L136: it is unclear what the coefficient 0.5 are
Author Response
Reviewer 1
Comments and Suggestions for Authors
Boisvenue and White intended to bridge the gap between forest carbon models and remote sensing in this communication. While the authors emphasized that remote sensing could contribute inputs across spatiotemporal scales, it is unclear to the readers in the following manners:
R1.1. The definition of “next generation” of forest carbon model. Do you mean the process-based model that has been existed for a few decades? It is unclear from the current content.
RESPONSE R1.1:
We change the text to better define what we refer to as the next-generation carbon models and we changed the title of the manuscript to clarify the message conveyed by the manuscript.
Lines 228-234: However, developing the next generation of carbon models—models that are spatially explicit, that account for changes in situ, and that afford more consistent estimates of carbon over space and time—will require closer integration of remote sensing and carbon science and modellers.
Lines 2-3 Title: Information needs of next-generation forest carbon models: Opportunities for remote sensing science
R1.2. What are most important parameters in these models and how remote sensing can contribute to the mapping of these parameter? Or what do you expect the remote sensing can contribute? As the authors are experts in forest sciences, they must know the urgent needs of these forest models, while at the same time, these information gives remote sensing experts the clues they should focus on in further studies. Remote sensing has been contributing a lot, such as tree height, leaf area index, (even) biomass, phenology, burn area/ severity (and other disturbance), clumping index, et al. They also mentioned that the SIF data can contribute to model forest productivity. What’s the rest parameters (or tree traits) – and I believe that would be the value of this manuscript, while I found limited information from the current writing.

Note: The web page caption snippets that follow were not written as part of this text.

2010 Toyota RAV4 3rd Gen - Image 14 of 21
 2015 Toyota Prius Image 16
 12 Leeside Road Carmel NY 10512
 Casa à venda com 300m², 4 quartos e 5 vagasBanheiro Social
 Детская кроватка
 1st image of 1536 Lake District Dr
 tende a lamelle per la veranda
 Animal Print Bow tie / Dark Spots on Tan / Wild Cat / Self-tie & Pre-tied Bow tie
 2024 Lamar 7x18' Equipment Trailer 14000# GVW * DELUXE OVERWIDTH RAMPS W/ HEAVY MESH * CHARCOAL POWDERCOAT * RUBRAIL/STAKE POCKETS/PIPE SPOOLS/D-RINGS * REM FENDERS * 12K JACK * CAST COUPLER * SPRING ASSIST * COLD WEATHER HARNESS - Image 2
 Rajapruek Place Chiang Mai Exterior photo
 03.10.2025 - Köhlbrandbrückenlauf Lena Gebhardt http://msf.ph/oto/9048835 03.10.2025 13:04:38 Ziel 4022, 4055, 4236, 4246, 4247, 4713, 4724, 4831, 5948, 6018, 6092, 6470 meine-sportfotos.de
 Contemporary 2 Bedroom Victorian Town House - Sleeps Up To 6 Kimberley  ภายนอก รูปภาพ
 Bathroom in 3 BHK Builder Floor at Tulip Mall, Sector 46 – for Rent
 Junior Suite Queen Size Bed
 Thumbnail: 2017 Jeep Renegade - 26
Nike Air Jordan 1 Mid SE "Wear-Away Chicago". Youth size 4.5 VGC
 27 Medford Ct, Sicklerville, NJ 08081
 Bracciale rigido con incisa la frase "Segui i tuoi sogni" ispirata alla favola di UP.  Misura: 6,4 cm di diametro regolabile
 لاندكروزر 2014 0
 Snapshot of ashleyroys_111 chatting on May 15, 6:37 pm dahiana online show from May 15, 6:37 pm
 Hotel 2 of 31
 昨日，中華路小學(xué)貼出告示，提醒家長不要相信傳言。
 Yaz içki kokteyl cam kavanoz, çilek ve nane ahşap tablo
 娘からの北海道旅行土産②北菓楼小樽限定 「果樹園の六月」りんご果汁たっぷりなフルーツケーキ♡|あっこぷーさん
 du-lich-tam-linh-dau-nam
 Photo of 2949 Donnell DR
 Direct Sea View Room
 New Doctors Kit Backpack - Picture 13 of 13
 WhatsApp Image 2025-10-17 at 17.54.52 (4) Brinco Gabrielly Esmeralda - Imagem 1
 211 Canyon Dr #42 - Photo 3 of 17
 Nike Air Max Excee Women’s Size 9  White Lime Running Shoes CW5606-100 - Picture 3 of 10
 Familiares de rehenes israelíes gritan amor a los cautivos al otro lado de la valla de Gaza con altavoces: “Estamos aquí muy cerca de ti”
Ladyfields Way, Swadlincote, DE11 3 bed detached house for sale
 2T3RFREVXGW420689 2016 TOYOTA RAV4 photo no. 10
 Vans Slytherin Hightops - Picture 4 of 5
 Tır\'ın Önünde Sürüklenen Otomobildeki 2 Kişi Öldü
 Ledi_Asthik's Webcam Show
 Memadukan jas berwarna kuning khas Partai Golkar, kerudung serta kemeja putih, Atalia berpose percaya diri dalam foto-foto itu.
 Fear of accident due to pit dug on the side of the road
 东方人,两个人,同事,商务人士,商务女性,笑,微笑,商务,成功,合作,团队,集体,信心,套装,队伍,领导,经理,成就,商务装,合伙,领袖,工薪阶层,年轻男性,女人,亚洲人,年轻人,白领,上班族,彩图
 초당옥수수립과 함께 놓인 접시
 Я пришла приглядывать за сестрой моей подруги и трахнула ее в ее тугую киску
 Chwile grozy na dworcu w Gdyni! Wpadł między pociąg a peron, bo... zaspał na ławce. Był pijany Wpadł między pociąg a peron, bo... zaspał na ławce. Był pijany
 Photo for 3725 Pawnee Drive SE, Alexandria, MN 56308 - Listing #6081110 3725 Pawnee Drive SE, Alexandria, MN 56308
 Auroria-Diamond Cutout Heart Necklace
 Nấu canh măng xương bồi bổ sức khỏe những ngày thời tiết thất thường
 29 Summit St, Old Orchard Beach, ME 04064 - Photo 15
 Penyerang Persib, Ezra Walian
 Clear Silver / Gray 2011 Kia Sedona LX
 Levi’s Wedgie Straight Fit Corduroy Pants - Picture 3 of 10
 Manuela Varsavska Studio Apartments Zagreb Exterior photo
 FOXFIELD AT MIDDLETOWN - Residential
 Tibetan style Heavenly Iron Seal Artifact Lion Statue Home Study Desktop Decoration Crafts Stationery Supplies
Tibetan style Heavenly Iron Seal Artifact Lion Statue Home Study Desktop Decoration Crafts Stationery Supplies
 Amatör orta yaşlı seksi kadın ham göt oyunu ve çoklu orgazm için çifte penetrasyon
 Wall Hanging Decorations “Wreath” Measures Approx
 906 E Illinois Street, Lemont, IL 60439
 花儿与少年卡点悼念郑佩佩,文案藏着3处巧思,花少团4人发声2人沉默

In short, I would expect that the authors can enrich the current manuscript by providing the information in needs of remote sensing researches.
RESPONSE R1.2:
We have modified the text to clarify what is expected of remote sensing experts. Understand that our objective is not to be prescriptive on what remote sensing can provide, although we do provide plenty of examples. Rather our intent is to ensure that remote sensing scientists understand the information needs of carbon modelling extend beyond static estimates of biomass, and that—armed with this understanding, they are better equipped to see how their science and innovation can be put to best use to address these information needs.
Lines 225-248: Given current understanding of forest carbon cycles, existing models do not provide sufficiently accurate or consistent carbon estimates across spatiotemporal scales [111]. Remote sensing science has already contributed to important improvements to large-area forest carbon modelling. However, developing the next generation of carbon models—models that are spatially explicit, that account for changes in situ, and that afford more consistent estimates of carbon over space and time—will require closer integration of remote sensing and carbon science and modellers. Research advances in remote sensing science, combined with advances in both empirical and process modelling of large-area forest carbon can lead to improved forest carbon estimates [111]. There is an urgent need for more detailed observations to support empirical modelling of forest carbon. The current proliferation of remote sensing missions and operational sensors at various spatiotemporal scales is poised to aid in addressing the sampling paucity and cross-scale issues that currently limit carbon modelling and system understanding. Remote sensing also seems like a logical avenue to better estimating and understanding the light driven processes at the core of carbon fixation, photosynthesis [112]. Better sampling supported by the remote sensing expertise to explore empirical relationship will create the opportunity to improve understanding of forest carbon cycles and their role in the large global carbon cycle. Here we identify those limitations where remote sensing science is poised to make the greatest contribution to improving large-area carbon modelling science and application.
Line 301-303: The expertise for exploring the potential of these tools and their application to the plethora of remotely sensed data available lies in the remote sensing community, outside the realm of forest carbon expertise.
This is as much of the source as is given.